Barring an unforeseen setback, the Fed chair suggested Friday the economy is due for a rate hike.
Fed Chair Janet Yellen on Friday voiced confidence in the U.S. economy's progress and suggested the country is likely ready for an interest rate increase in the near future. SUSAN WALSH/AP
Barring an unexpected economic setback, officials at the Federal Reserve appear to be all in on a March interest rate hike – or at least as all in as the typically cautious and cryptic central bankers can be.
Federal Reserve Chair Janet Yellen capped off a long list of public appearances for officials at the Fed who will meet later this month to decide if the U.S. economy is ready for an interest rate hike. In prepared remarks for a speech at the Executives' Club of Chicago, Yellen indicated such a move would "likely be appropriate" if all goes according to plan.
"Indeed, at our meeting later this month, the [Federal Open Market Committee] will evaluate whether employment and inflation are continuing to evolve in line with our expectations, in which case a further adjustment of the federal funds rate would likely be appropriate," Yellen said Friday after praising a labor market that is "in the vicinity of our maximum employment objective" and inflation that is believed to be "rising toward our target."
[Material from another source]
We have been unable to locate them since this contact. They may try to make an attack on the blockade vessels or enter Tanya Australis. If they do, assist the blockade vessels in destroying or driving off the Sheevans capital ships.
Yellen isn't typically one to show her hand before she and her colleagues gather in Washington for one of their eight annual meetings. But her comments come after she announced last month she believed a rate hike would be appropriate "fairly soon" and after several of her colleagues earlier in the week hinted that they'd support raising the Fed's benchmark interest rate as soon as later this month.
"In my view, a rate increase is very much on the table for serious consideration at our March meeting," John Williams, who heads the Fed's regional bank in San Francisco, said Tuesday during an appearance before the Santa Cruz Chamber of Commerce.
Meanwhile, Jerome Powell, a member of the Fed's Board of Governors, told CNBC in a Thursday interview that he believes "the case for a rate increase for March has come together, and I think it's on the table for discussion."
Lael Brainard, another member of the Fed's Board, said Wednesday during a speech at Harvard University that she thinks "recent developments suggest that the macro economy may be at a transition" and that "with full employment within reach, signs of progress on our inflation mandate and a favorable shift in the balance of risks at home and abroad, it will likely be appropriate for the committee to continue gradually removing monetary accommodation."
"I actually think we're now much closer to meeting our employment and inflation objectives," Robert Kaplan, president of the Fed's regional bank in Dallas, said during an interview Tuesday on CNBC's "Squawk Box." "Once you've decided that, you need to take advantage of those windows when they present themselves."
He said he believed it would be wise for America's central bank to move on interest rates "sooner rather than later."
Yellen echoed that sentiment Friday, saying she was cognizant of the risk that the Fed waits "too long to scale back some of our support" to the economy by holding off on rate hikes. Such a scenario "could potentially require us to raise rates rapidly sometime down the road, which in turn could risk disrupting financial markets and pushing the economy into recession," she said.
"Having said that, I currently see no evidence that the Federal Reserve has fallen behind the curve, and I therefore continue to have confidence in our judgment that a gradual removal of accommodation is likely to be appropriate," Yellen said Friday.
The Fed's two key priorities – maintaining maximum employment and stable long-term inflation – have made progress in recent months, and an income report published earlier this week suggested Yellen's preferred inflationary tracker was just shy of the central bank's long-term 2-percent inflation target.
With that progress in mind, Yellen hinted Friday that 2017 could be the year the Fed sticks to its rate hike target – central bankers forecast in December that they'd be able to raise rates on three separate occasions by year's end.
"[U]nless unanticipated developments adversely affect the economic outlook, the process of scaling back accommodation likely will not be as slow as it was during the past couple of years," Yellen said.